Listed entries:
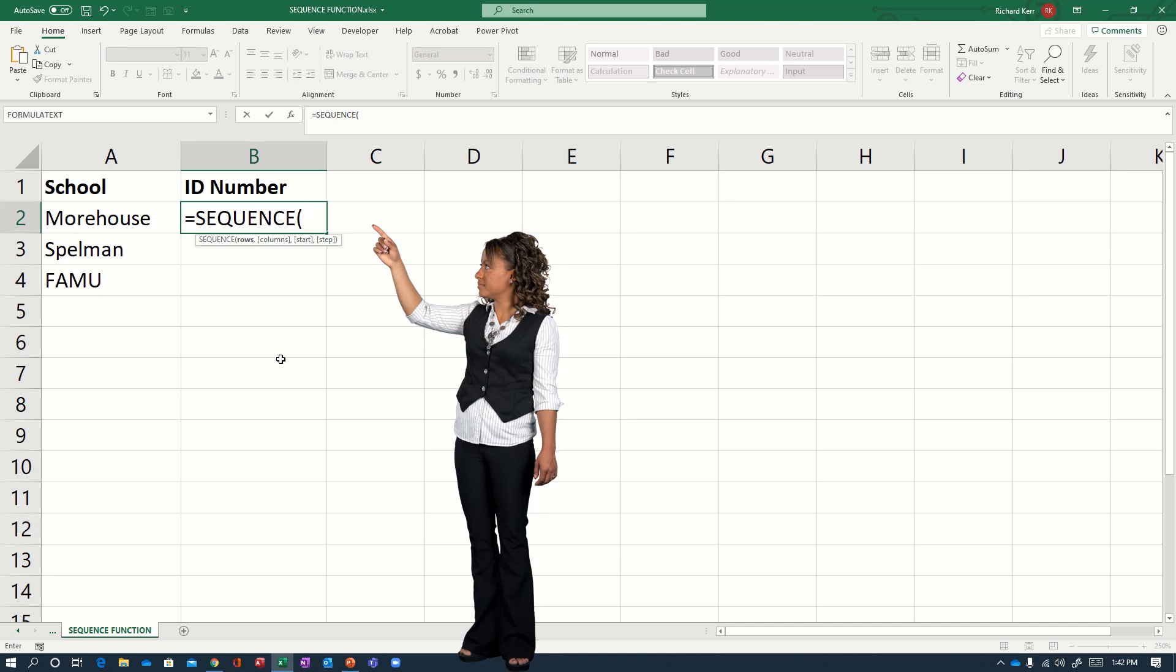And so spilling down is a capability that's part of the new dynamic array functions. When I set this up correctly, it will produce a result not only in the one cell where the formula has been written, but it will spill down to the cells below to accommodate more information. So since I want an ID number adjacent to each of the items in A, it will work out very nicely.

==

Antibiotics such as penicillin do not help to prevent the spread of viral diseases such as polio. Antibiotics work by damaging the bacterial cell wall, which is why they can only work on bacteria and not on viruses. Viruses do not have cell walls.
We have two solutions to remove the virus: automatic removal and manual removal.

* * *

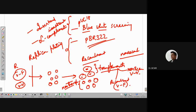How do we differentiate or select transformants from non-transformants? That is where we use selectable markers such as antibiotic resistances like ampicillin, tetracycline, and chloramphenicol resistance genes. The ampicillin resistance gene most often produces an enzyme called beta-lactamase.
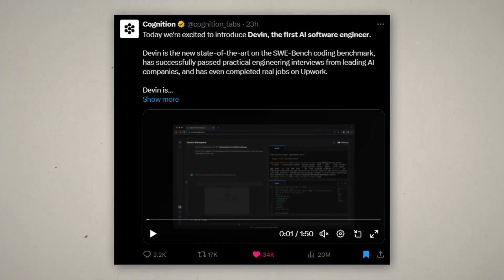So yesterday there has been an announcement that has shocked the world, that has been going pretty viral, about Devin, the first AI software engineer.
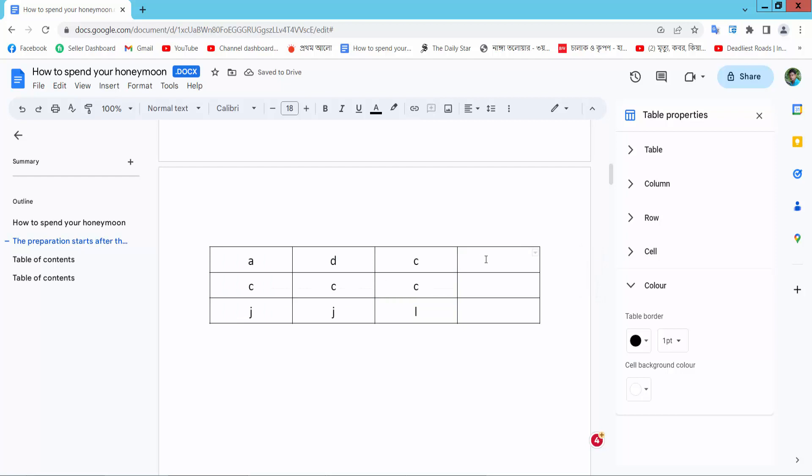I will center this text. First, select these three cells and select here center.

What is needed:
Output the lines above between the one holding "Antibiotics such as" and the one holding "We have two", inclusive, with nothing before or after them.

Reply:
Antibiotics such as penicillin do not help to prevent the spread of viral diseases such as polio. Antibiotics work by damaging the bacterial cell wall, which is why they can only work on bacteria and not on viruses. Viruses do not have cell walls.
We have two solutions to remove the virus: automatic removal and manual removal.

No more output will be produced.